Fixed-interest inflation-indexed investments would suit the needs of self-funded retirees running their own super fund very well, a recent SMSF study conducted by financial services research house DEXX&R concluded.

The latest edition of the “DEXX&R Market Projections Report” anticipated continued growth in SMSF assets that funded retirement. Combining this forecast with SMSF retiree investor sentiment of low risk and income certainty, the research house also predicted high demand in the coming years for fixed-income products that offered protection against inflation.

“The issuance of medium and long-term inflation-linked bonds by commonwealth and state governments in Australia would meet self-funded retiree demand for a low-risk and stable income stream and provide a pool of medium to long-term capital that could be used to fund infrastructure development,” the report said.

Apart from satisfying their investment requirements, DEXX&R said inflation-linked bonds would provide SMSF members added value in other areas as well, such as providing them greater portfolio liquidity if a secondary market for the bonds was established, lowering their longevity risk as the chances of their income stream running out before death was diminished, and providing a low-risk investment option for the surviving member of the fund upon the death or incapacity of the other member.

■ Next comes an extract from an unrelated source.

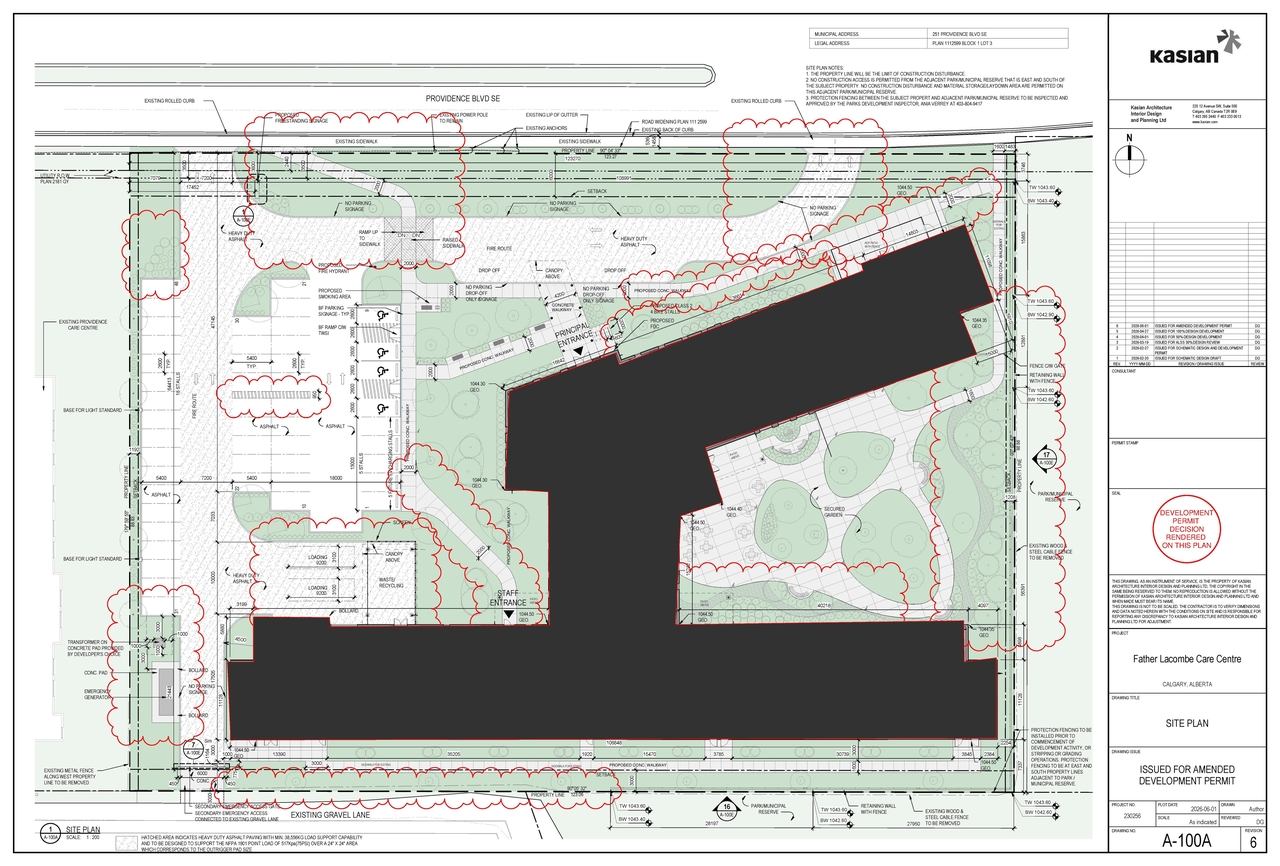 Construction site plan for project from page 3 of the file 'DP2026-01110 - DMAP DECISION RENDERED (8MB) 2026-06-24'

The report also revealed at June 2013 more than 50 per cent, or $296 billion, of Australia’s total $506 billion of SMSF assets were held in the retirement or pension phase of the fund.

And this pool of assets used to fund retirement was predicted to increase over the next decade.

“By 2023, SMSF retirement phase assets in Australia are projected to reach $562 billion and account for 61.5 per cent of a total of $914 billion in retirement income assets,” DEXX&R said.